An organization dedicated to doing fashion right is fAction, a collective of Bay Area women who combine style with activism.

The group’s debut fashion show, “Seam of Consciousness,” focused on violence against women, and in particular the atrocities facing women in Darfur. The idea was so successful, in fact, that the November 15 event raised more than $3,000 for the Darfur Women’s Center through door fees, patch sales, and a silent auction.

At first, the idea of connecting clothing and consciousness in this way might seem like a stretch, but the up-and-coming designers involved connected the dots, pointing out that when it comes to violence against women, even what you wear is political.

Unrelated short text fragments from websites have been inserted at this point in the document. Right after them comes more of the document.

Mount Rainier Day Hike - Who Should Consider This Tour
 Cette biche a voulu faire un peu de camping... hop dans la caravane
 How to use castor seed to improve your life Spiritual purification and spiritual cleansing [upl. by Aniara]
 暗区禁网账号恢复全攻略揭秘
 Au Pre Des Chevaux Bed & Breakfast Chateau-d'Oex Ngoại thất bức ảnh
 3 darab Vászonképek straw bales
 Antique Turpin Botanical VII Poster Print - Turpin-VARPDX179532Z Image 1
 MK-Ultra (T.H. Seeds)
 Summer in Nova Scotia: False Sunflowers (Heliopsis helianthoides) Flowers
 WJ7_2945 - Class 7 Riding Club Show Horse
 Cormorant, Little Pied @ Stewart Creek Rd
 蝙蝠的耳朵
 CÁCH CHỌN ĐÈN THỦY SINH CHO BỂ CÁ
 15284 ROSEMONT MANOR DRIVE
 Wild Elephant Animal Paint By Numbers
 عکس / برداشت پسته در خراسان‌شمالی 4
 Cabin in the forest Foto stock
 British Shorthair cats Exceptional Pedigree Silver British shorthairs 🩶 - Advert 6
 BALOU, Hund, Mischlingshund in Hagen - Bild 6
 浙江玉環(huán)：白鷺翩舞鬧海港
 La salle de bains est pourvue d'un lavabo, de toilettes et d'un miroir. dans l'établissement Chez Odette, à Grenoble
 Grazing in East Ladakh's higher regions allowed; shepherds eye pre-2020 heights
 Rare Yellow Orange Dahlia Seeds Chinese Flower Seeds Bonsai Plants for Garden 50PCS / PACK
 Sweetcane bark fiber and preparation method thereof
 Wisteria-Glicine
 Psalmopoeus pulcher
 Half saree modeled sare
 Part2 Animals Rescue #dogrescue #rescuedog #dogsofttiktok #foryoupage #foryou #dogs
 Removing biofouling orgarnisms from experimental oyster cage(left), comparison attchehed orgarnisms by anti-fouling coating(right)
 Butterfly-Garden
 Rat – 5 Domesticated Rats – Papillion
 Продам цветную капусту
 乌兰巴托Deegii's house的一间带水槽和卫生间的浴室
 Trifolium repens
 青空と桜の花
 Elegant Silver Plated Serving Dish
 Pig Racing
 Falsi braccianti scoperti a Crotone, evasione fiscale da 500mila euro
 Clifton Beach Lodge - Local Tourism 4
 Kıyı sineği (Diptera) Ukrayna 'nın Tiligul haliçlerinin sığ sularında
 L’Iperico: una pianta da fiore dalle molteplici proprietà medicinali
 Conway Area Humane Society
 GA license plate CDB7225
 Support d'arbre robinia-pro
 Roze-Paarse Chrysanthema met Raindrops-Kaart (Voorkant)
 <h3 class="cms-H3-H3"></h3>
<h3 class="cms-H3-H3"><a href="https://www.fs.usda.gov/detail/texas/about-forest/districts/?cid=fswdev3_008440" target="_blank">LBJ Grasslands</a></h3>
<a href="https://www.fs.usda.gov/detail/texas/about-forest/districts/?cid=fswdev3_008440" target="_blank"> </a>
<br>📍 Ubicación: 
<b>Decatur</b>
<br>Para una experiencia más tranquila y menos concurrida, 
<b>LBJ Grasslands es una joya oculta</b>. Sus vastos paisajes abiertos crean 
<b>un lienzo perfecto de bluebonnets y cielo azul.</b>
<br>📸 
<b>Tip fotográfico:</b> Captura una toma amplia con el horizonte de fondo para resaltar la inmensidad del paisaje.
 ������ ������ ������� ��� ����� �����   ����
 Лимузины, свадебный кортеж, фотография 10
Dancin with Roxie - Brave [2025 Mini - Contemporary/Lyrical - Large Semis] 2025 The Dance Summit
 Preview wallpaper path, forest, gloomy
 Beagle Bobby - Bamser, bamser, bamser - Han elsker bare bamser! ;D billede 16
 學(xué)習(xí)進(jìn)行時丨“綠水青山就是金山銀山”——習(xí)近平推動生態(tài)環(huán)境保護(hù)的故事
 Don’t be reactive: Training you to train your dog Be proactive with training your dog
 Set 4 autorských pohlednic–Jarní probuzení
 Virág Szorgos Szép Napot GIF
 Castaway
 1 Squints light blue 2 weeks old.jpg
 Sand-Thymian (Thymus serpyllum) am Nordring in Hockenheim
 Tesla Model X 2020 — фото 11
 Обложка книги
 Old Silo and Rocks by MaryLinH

“I envision a world where women can walk safely down the street at night and we can wear whatever the fuck we want,” said designer Nikole Lent, who opened the show as a guest speaker, “because my hot outfit has nothing to do with you.”

faction2_1108.jpg
Nikole Lent in a design by Kari Koller.

Lent also explained how the Darfur Women’s Center is trying to reduce violence against women in Sudan. One example, she said, was teaching them how to use solar cookers so they don’t have to go out for firewood – one of the primary places Sudanese women get raped.

But the involved designers didn’t stop their awareness efforts with violence in another country. Many of those in fAction developed a personal connection to violence in their own communities when Kirsten Brydum, a San Francisco activist who was instrumental in the Really Free Market movement, was murdered in New Orleans. Though Brydum was visiting New Orleans as part of her national Collective Autonomy Tour, it’s widely believed that the murder wasn’t related to her work as an activist and was, instead, a random act of violence against a woman in the wrong place at the wrong time.

“Kirsten was a dear friend of mine,” said Lent. Her death has hugely impacted the community [and] it’s important to link local violence to global violence. To draw that connection between a women in our community who was murdered and how [her death] affects people in a huge way, and the big impact that one death causes.”

Designer Kari Koller agreed. “People are not acknowledging what’s going on with [the women in Darfur], or the women in our own society,” she said.

The six designers designers, Angela Dix, Nikole Lent, Rachel Znerold, Moriah Lueders, Kari Koller and Lula Chapman, were present as models in their own runway show. And each show was its own performance art piece, with messages ranging from environmentalism to the operations of the mainstream fashion media.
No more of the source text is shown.